Башмаков – Обломов поколения Юрия Полякова, и как у всякого Обломова, у него есть свой Штольц. Это его коллега, «джинсовый интеллигент» и вечный диссидент Каракозин, по прозвищу Рыцарь Джедай. И прозвище, и фамилия очень характерны. И если прозвище отсылает нас к «Звездным войнам» с их фантастической героикой, то Каракозин звучит до боли похоже на фамилию неудачного цареубийцы Дмитрия Каракозова, русского революционера-террориста, повешенного за покушение на Александра II. Каракозин – такой же бунтарь и в конечном счете такой же неудачник, потому как историческая правда оказывается не за ними. Как признается сам Рыцарь Джедай, он часть той силы, что вечно хочет блага, но совершает зло. Это настоящий революционный романтик, изображенный Поляковым достаточно критически.
Проблема выбора, побега, поступка разрешается в романе диалектически. Можно принимать решение – и все время ошибаться. А можно не принимать его, быть эскейпером – и во всяком случае не творить зла больше неизбежного.
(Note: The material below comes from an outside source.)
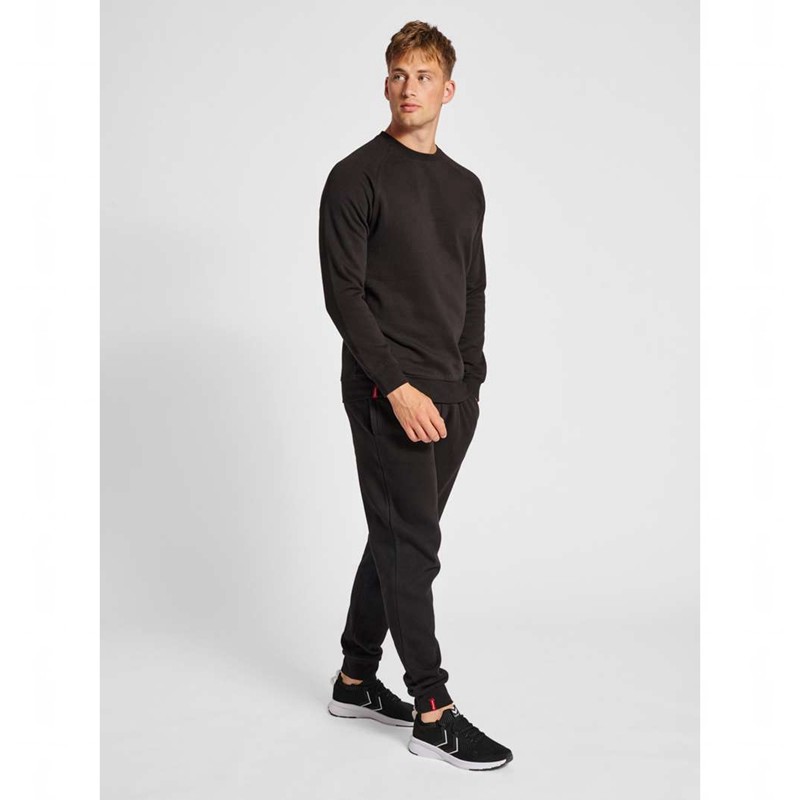 Hummel Red Classic Sweatshirts Heren Zwart | 353722-583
В заключение хочется добавить еще несколько слов о литературной традиции, на которую ориентировался автор. По его словам, он отталкивался от семейной саги, как жанра получившего реализацию в творчестве Голсуорси («Сага о Форсайтах»), Шолохова («Тихий Дон»), Горького («Жизнь Клима Самгина»), а также от традиции изображения амбивалентного героя в книгах Юрия Трифонова («Обмен», «Дом на набережной»), Вампилова («Утиная охота»).